Personally, I’m not really into fashion brands, I’m the kinda person who doesn’t care what the celebs are wearing to the red carpet. So if you’re looking for fashion critiques, this is not it. I’m no fashion blogger. But, as a fashion outsider, I have to say I was blown away by this ‘Heavenly bodies’ exhibition at The Metropolitan Museum of Art.

This particular exhibition first got my interest with the Met Gala. I mean every year, I’ll see it on the news, who’s wearing the craziest thing, #couplegoals on the red carpet, or the best-dressed list. But this year, the dresses were so charmingly beautiful that I just need to see more. (Plus, I’m also living in New York City this year so it’d be crazier than ‘Beyonce’s dress’ at the Met this year if I don’t go see “Heavenly bodies” with my own two eyes. (For those who tried to search for Beyonce’s dress, no, it won’t be there, because she didn’t even go but the social media world have been tweeting out photos of just the red carpet and praising how Queen B was still slaying it on the carpet.

From the exhibition, I actually felt more inspired by the ‘back’ effect. I felt the dresses are even more powerful and grandeur looking from the back. The details were so delicate and enchanting. But what really made the whole experience even more eloquent and passionate is the music – my favorite, is Timelapse by Michael Nyman. It is now my new favorite song. Feel free to listen to the song while looking at the photos! It is truly one of my favorite exhibitions I’ve been to.

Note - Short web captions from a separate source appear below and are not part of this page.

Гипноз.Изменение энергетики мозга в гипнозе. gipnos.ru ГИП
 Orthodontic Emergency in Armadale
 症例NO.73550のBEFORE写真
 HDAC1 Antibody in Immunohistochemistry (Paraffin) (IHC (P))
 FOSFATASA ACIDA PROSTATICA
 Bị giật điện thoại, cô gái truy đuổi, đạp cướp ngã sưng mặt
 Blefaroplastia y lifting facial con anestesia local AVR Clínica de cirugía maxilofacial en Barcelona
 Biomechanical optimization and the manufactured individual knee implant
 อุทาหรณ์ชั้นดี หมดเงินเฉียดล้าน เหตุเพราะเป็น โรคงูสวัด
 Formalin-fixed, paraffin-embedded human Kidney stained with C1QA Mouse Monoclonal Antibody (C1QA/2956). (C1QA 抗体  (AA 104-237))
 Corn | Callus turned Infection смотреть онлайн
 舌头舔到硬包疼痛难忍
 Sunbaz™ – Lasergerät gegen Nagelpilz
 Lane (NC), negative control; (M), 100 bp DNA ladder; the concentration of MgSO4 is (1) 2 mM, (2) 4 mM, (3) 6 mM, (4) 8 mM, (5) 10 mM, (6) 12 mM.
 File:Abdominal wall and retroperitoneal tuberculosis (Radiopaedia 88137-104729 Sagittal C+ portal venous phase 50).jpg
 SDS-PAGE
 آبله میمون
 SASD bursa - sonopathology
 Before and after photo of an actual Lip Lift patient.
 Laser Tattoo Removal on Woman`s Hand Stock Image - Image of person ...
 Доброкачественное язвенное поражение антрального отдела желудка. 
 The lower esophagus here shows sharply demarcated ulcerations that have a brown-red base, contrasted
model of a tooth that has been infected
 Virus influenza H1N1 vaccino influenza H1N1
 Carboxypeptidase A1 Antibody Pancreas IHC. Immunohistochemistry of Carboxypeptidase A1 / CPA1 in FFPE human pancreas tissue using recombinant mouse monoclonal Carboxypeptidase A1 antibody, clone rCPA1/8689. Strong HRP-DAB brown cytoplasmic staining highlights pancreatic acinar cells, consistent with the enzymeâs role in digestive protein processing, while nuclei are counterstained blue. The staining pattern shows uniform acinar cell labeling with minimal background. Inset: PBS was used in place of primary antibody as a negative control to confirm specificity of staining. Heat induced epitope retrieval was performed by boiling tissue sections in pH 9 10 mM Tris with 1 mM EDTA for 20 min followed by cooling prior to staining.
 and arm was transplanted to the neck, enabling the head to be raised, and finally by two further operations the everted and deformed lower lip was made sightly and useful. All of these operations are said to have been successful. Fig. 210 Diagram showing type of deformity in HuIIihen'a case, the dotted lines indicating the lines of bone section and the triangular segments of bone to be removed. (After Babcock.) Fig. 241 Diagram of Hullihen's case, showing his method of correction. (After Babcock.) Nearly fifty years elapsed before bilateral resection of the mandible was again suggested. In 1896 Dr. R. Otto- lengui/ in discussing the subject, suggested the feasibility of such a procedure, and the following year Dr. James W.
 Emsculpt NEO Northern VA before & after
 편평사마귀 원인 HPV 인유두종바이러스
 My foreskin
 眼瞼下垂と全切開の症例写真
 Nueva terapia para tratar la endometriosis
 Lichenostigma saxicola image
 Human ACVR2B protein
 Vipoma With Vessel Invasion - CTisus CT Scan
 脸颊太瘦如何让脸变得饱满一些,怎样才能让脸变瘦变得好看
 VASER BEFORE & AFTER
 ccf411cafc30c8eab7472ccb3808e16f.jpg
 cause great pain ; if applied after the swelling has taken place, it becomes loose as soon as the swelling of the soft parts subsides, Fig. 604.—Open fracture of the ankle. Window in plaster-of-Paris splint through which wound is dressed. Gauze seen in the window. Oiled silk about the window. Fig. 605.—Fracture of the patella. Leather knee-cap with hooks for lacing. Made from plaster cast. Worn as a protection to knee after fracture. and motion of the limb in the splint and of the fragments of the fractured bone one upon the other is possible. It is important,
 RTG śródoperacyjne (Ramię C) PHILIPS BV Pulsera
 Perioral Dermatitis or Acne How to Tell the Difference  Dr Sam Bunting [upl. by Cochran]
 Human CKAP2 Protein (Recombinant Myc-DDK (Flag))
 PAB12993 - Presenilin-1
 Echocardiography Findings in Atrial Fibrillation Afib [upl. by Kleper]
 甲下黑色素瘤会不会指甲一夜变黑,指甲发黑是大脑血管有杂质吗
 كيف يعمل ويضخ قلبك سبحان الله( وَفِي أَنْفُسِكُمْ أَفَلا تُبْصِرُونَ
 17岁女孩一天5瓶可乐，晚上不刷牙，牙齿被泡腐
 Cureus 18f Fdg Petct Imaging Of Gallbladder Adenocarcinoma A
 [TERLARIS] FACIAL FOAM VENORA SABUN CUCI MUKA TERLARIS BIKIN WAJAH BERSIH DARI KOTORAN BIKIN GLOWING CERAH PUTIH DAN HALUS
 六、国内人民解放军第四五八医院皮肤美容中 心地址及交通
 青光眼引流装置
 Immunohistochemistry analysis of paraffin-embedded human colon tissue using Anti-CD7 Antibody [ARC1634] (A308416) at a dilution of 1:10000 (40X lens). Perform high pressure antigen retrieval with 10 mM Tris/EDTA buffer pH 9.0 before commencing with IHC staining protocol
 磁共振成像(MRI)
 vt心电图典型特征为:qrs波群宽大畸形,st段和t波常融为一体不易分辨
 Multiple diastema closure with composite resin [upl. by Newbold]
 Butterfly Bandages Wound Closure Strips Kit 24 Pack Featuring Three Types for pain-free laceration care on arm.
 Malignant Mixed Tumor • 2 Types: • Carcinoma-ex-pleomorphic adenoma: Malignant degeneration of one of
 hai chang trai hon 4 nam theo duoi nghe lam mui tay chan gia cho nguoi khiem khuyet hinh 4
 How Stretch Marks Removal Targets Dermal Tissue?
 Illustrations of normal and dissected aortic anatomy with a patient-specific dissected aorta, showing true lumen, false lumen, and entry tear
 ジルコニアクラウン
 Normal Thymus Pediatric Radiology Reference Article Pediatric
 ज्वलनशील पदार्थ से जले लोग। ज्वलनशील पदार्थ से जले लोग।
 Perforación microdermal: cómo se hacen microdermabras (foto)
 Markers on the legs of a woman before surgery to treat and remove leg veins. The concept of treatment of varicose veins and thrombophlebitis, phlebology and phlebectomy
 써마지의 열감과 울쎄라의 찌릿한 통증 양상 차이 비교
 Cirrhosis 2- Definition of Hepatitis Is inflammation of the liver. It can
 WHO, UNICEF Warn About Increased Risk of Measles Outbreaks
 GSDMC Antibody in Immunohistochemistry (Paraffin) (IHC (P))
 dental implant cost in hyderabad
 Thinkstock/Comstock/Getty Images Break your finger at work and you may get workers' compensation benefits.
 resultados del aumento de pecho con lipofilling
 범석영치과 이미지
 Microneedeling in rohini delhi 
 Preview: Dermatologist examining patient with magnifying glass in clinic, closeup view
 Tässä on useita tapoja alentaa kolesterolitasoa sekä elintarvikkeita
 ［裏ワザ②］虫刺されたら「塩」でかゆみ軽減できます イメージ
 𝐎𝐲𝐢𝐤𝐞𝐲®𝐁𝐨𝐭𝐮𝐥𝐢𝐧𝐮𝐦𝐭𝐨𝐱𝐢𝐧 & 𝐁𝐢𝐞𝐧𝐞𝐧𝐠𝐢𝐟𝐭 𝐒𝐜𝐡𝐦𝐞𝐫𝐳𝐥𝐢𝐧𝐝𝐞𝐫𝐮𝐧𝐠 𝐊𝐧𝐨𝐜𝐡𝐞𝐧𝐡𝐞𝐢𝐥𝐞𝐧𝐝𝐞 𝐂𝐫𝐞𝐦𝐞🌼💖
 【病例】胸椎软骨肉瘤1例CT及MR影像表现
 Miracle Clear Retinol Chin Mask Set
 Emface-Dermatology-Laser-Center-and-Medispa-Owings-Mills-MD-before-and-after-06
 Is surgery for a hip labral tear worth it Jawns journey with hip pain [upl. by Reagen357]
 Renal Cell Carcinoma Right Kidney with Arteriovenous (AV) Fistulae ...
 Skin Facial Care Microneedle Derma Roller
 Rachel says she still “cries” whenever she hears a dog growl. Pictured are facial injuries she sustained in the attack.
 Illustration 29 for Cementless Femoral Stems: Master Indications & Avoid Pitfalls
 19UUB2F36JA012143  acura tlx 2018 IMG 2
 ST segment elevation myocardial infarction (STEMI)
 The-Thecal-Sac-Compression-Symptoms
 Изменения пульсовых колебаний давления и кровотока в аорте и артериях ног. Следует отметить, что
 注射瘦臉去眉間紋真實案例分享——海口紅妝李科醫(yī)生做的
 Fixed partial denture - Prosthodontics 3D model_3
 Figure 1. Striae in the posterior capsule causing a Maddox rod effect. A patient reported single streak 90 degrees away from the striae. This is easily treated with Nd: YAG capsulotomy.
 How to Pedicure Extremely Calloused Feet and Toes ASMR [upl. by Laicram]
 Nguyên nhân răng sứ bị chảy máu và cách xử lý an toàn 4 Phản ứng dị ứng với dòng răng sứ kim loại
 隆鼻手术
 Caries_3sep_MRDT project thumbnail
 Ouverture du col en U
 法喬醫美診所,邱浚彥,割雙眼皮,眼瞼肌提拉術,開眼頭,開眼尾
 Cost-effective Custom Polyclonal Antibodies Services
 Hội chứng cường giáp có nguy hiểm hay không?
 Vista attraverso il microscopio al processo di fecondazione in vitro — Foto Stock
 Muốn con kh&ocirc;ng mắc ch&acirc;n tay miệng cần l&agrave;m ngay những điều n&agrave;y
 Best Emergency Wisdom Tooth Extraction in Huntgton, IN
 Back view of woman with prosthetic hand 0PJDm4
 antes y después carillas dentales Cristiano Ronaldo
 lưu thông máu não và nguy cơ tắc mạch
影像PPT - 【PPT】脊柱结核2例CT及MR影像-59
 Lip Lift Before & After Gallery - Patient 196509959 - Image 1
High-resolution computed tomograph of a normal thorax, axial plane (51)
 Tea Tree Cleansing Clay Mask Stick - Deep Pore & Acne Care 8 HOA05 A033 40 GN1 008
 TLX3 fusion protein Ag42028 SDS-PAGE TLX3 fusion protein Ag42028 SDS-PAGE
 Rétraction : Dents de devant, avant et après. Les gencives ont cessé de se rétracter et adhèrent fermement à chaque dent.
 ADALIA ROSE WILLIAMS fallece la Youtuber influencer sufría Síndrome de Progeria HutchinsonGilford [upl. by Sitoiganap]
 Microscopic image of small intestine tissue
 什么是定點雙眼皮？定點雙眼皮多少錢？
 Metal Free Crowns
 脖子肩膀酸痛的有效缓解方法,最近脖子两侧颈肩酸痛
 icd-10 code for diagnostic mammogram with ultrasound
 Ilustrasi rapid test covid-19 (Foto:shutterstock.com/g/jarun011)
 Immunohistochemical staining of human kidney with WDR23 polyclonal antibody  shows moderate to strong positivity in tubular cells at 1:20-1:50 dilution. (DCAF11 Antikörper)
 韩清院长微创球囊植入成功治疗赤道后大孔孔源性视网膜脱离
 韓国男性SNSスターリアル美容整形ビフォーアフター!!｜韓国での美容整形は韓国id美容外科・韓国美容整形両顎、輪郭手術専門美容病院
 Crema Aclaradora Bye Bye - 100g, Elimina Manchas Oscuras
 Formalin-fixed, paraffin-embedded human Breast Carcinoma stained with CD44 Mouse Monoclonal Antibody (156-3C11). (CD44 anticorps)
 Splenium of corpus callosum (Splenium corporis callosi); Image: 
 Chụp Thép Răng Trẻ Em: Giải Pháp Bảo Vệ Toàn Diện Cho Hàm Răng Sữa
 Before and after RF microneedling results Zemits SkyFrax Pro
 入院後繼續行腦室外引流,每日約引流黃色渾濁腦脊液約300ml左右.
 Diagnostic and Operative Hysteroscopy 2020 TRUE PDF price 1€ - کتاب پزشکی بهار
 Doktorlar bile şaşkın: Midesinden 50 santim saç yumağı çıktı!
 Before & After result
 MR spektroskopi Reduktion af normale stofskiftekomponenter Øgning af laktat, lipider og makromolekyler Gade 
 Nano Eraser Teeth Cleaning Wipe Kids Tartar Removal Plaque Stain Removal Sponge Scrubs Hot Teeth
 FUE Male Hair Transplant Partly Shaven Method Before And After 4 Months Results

Heavenly Bodies: Fashion and the Catholic Imagination exhibition is displayed at The Met Fifth avenue and The Met Cloisters May 10 – October 8, 2018. Lucky for you, I went out to explore at both places so you can stay at home and see from the comfort of your home, coffee shop or wherever you are in the world, the beach, the office, the train, the bus, or… the toilet?

The Metropolitan Museum of Art ( Fifth Avenue)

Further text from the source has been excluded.